» Recorded information:
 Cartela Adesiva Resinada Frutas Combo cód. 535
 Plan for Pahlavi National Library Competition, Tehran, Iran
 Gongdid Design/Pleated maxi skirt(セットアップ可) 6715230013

» Your goal: Give back the listing above exactly as written.

» Task response:
 Cartela Adesiva Resinada Frutas Combo cód. 535
 Plan for Pahlavi National Library Competition, Tehran, Iran
 Gongdid Design/Pleated maxi skirt(セットアップ可) 6715230013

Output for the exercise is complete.